Control of TurboID-dependent biotinylation intensity in proximity ligation screens

Proximity biotinylation screens are a widely used strategy for the unbiased identification of interacting or vicinal proteins. The latest generation biotin ligase TurboID has broadened the range of potential applications, as this ligase promotes an intense and faster biotinylation, even in subcellular compartments like the endoplasmic reticulum. On the other hand, the uncontrollable high basal biotinylation rates deny the system´s inducibility and are often associated with cellular toxicity precluding its use in proteomics. We report here an improved method for TurboID-dependent biotinylation reactions based on the tight control of free biotin levels. Blockage of free biotin with a commercial biotin scavenger reversed the high basal biotinylation and toxicity of TurboID, as shown by pulse-chase experiments. Accordingly, the biotin-blockage protocol restored the biological activity of a bait protein fused to TurboID in the endoplasmic reticulum and rendered the biotinylation reaction inducible by exogenous biotin. Importantly, the biotin-blockage protocol was more effective than biotin removal with immobilised avidin and did not affect the cellular viability of human monocytes over several days. The method presented should be useful to researchers interested in exploiting the full potential of biotinylation screens with TurboID and other high-activity ligases for challenging proteomics questions.

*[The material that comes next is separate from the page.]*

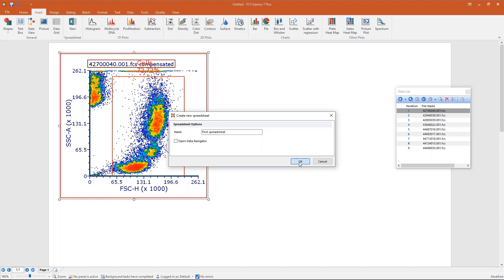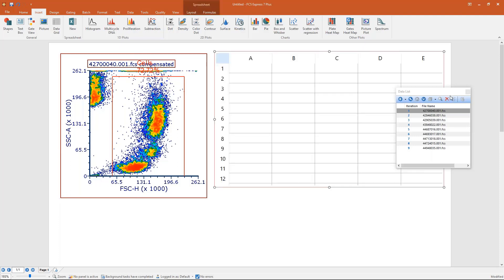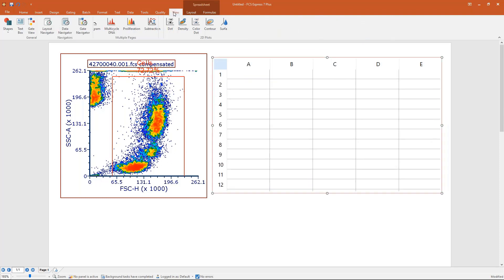The spreadsheet looks just like Excel — different columns, different rows. You can open multiple spreadsheets and keep track of all of them in your layout by opening the Data Navigator, found in the View tab. The Data Navigator lists all datasets. In this case, I have a first dataset which is an FCS file open in this plot, and a second dataset which is my spreadsheet object.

邻近生物素化筛选（proximity biotinylation screens）是实现互作蛋白与邻近蛋白无偏鉴定的通用研究策略。最新一代生物素连接酶TurboID可催化高效且快速的生物素化反应，甚至可在内质网（endoplasmic reticulum）这类亚细胞区室中发挥作用，因此大幅拓展了其潜在应用范围。但该酶存在无法调控的高基础生物素化速率，会导致系统丧失诱导性，且常伴随细胞毒性，使其难以应用于蛋白质组学（proteomics）研究。本研究报道了一种基于严格调控游离生物素水平的改良TurboID依赖型生物素化反应方法。通过商用生物素清除剂阻断游离生物素，可逆转TurboID的高基础生物素化水平与细胞毒性，该结论已通过脉冲追踪实验（pulse-chase experiments）得到验证。据此，该生物素阻断方案可恢复融合有TurboID的诱饵蛋白（bait protein）在内质网中的生物学活性，并使生物素化反应可通过外源添加生物素实现诱导。值得注意的是，该生物素阻断方案相较于使用固定化亲和素去除生物素的方法更为高效，且在数天培养周期内不会影响人单核细胞（human monocytes）的细胞活力。本研究提出的方法，可为希望借助TurboID及其他高活性连接酶充分挖掘生物素化筛选潜力、以解决复杂蛋白质组学问题的研究人员提供有力工具。